A very small but growing number of school districts around the country are converting to the educational practice of grouping students by readiness (or ability or skill or mastery, depending on how you want to describe it) rather than by age. And these aren't within-grade-level ability groupings, these are within-school (or within-district) ability groupings, where the groups consist of students of various ages who are all ready for approximately the same learning material. In some cases, the students learn in a more individualized setting with teacher guidance. The overall common essence is a setting with students learning what they're ready to learn and then moving on when they've mastered it and are ready to move on, rather than everyone magically (and we all know not actually) learning a year's worth of material in a year. Some can learn much more than "a year's worth" in a year (if only we'd let them) and others can still get it but just need a little more time.
A school district that has recently decided to go this route - and received a lot of press for it - is the Kansas City, Missouri, schools. In early July, an AP article went the rounds of at least dozens of news outlets. The article (here it is in USA Today) explains that the Kansas City schools will begin using widespread (and cross-age) ability groupings as part of their plan to turnaround the district's schools.
Kansas City Superintendent John Covington is quoted as saying, "The current system of public education in this country is not working. It's an outdated, industrial, agrarian kind of model that lends itself to still allowing students to progress through school based on the amount of time they sit in a chair rather than whether or not they have truly mastered the competencies and skills."
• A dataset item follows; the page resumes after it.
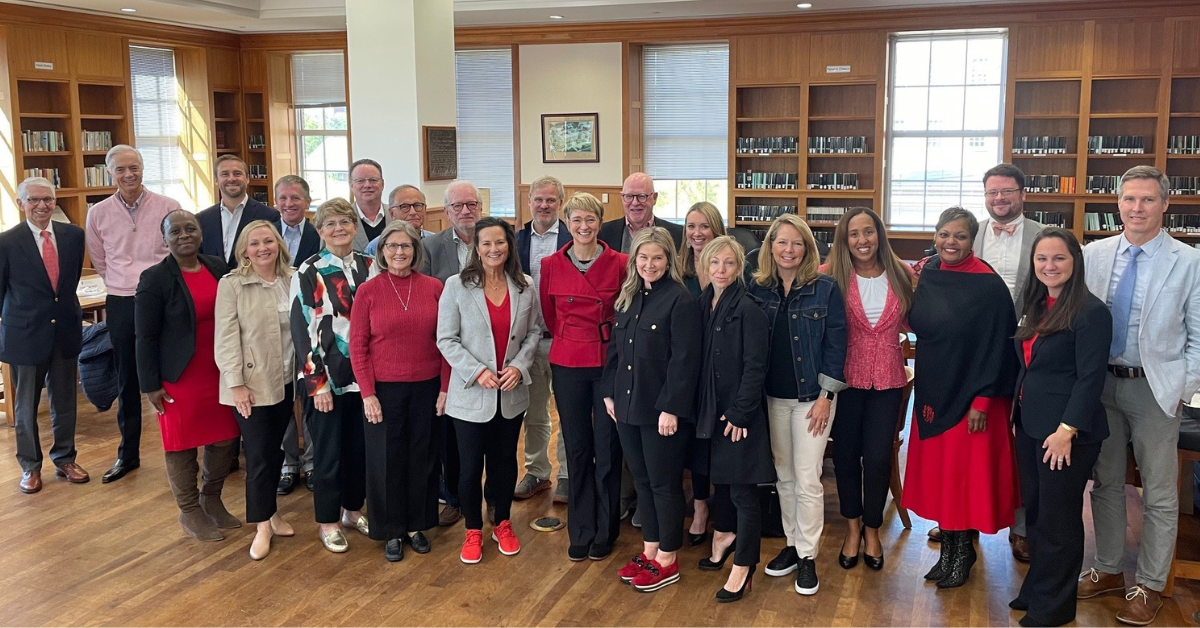 Franklin board gathering for a big group photo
Hence the walls so many of our gifted youngsters smack into at school...
I'm fascinated by this concept of schoolwide readiness groupings.
I know people argue against having kids of different ages together. Anyone who has ever tried to grade-skip a kid likely encountered statements such as, "But everyone else will be getting their driver's licenses a year earlier," or "She'll always be the shortest in her class," or "The other boys will all be shaving and he'll still have fuzz."
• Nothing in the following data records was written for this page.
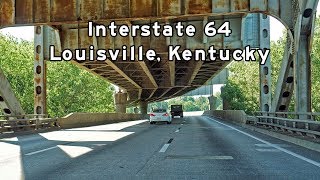 20170613  Interstate 64 Louisville Kentucky 4K [upl. by Airottiv]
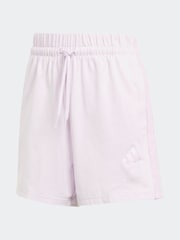 adidas Purple 3 Stripe Shorts - Image 6 of 6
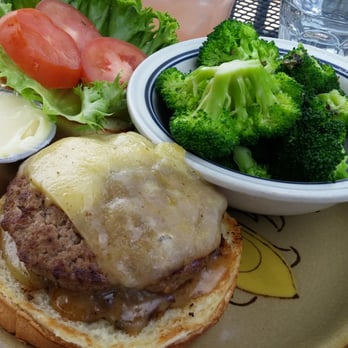 Sovereign - Cheddar Burger w Broccoli side - Gastropubs Near Me - Plainfield, Illinois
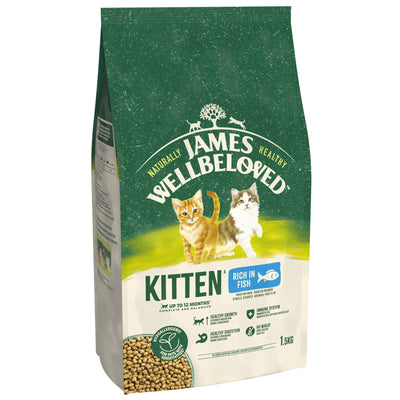 James Wellbeloved Dry Cat Kitten Fish 1.5kg
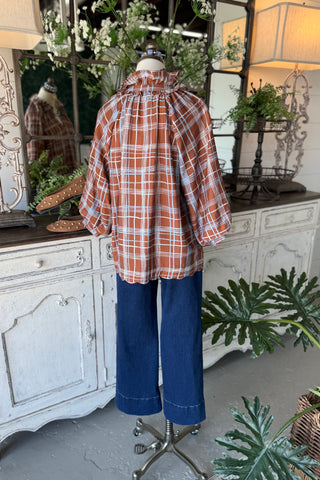 Evans Top Brown by Umgee Shirts & Tops Umgee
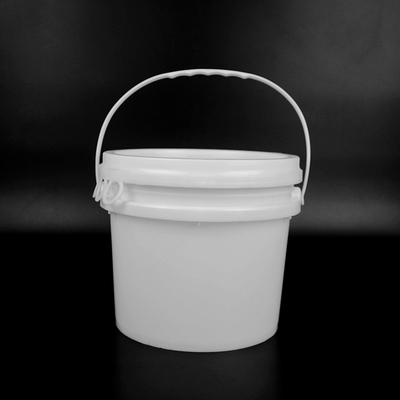 Bianco di plastica rotondo del secchio da 1 gallone 19*17*17.2cm con la maniglia di plastica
As a society, we tend to give higher importance to things that don't matter nearly as much as education. To quote Goethe, "What matters most must never be at the mercy of what matters least." What matters most in schools (beyond, of course, the kids) should be LEARNING and EDUCATION, not who's shaving and who isn't. We need to be better at placing these priorities and we need to be better at helping our kids understand what is of more value (learning? or who gets to shave first?).
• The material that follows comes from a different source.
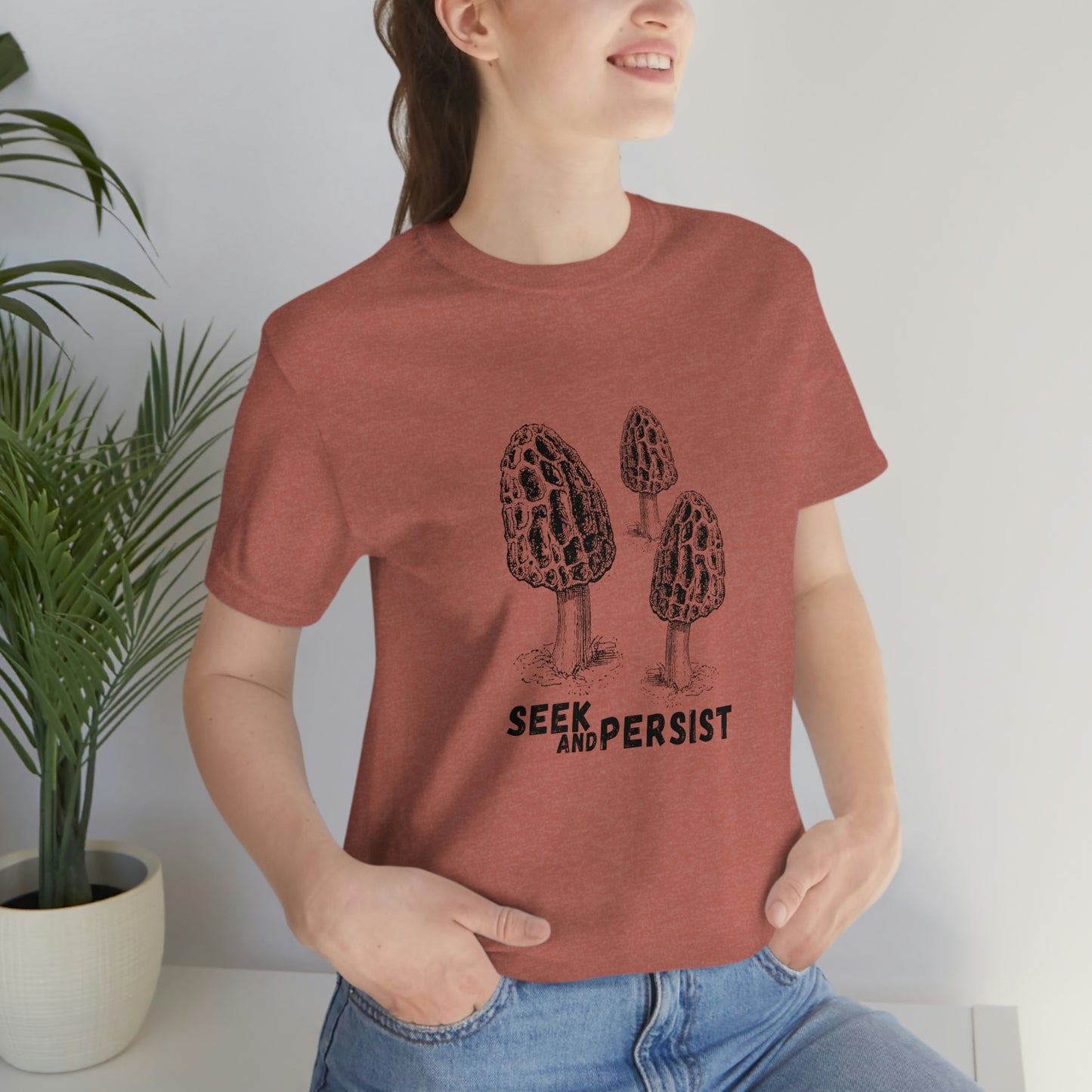 SEEK AND PERSIST- Unisex Jersey Short Sleeve Tee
Outside of school, kids interact with and hang out with kids of other ages all the time. (Especially gifted kids, who tend to choose friends based on common unusual interests - such as medieval history - rather than common birth year.) Outside-of-school groups such as 4-H, Scouts, church youth groups, tae kwon do classes, and neighborhoods & families (where kids play with who is close by and available) all feature widely-mixed ages. The one-room schoolhouses of days old (although some still exist in Montana and elsewhere) crammed in, and typically met the various needs of, all-comers of all ages, even sometimes adults.
[A now-abandoned one-room schoolhouse near Melville, Montana. Photo by Tamara Fisher]
I would argue that it is our age-tracking in schools that is the societal anomaly.
Yes, I realize there are advantages and disadvantages to any grouping. Older kids can certainly be a bad influence on younger kids, for example. But they can also be a very positive influence. Yes, most kids of a certain age will all be ready to learn the same material at approximately the same time and pace anyway. Yes, there are social complexities that arise when kids of various ages are grouped together. But the reality remains that age-tracking in large measure - for millions of kids - isn't working.
Hence my fascination with districts that are implementing widespread, cross-age, readiness groupings. I'll be curious to see how this all works out in Kansas City. (Although I do have a mild amount of concern that if it doesn't work in helping to turnaround the schools, this strategy alone will be faulted. It appears the Kansas City schools have a host of other issues they are contending with that are contributing factors to any district's or school's success as well. A long but detailed account of these other factors in the Kansas City schools can be found here.)
Do you have knowledge of or experience with a school that has tried cross-age readiness groupings? How did it work? What were the results?